Но почему же тогда так много слов имеют тождественные (или по крайней мере частично тождественные) ряды форм? почему весь языковой материал столь очевидным образом пронизывается регулярными и симметрическими отношениями, что и позволяет сводить множество конкретных случаев в обобщенные схемы?
Мне кажется, что это обстоятельство нисколько не противоречит предлагаемому здесь подходу, исходящему из первичности конкретного и индивидуализированного знания языкового материала. Наша память не просто хранит множество отдельных выражений: она пронизывается бесконечными ассоциациями и аналогиями между этими выражениями. Именно аналогическое осмысление мнемонического фонда позволяет создавать все новые языковые фигуры, находить новые условия для употребления словоформ, известных нам в составе определенных выражений, и создавать (или принимать и осмысливать) новые словоформы и выражения с ними.
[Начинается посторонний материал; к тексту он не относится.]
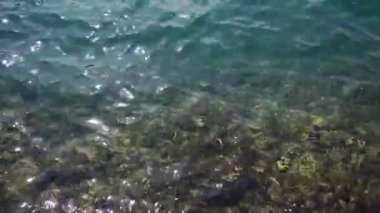 Transparent sea waves roll on the stones. High quality FullHD footage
Тот факт, что мы, отправляясь от первично нам известных явлений, все время расширяем (или, скорее, «растягиваем») наш языковой репертуар, действуя «по образцу», на основании аналогий и прототипов, определяет сходство вновь создаваемых языковых произведений — будь то новые выражения или новые словоформы — с теми или иными уже известными. Кристаллизуясь в нашей памяти, превращаясь в первичное и безотносительное знание, эти новые произведения несут на себе печать аналогического сходства с их прототипами, на основе которых они были созданы, приняты и включены в фонд языковой памяти говорящих.
Именно поэтому в данном нам языковом материале так много сходств, аналогий, симметрий. Эти его свойства в свою очередь облегчают и стимулируют ассоциативный процесс, результатом которого является непрерывное обновление и изменение репертуара нашей языковой памяти.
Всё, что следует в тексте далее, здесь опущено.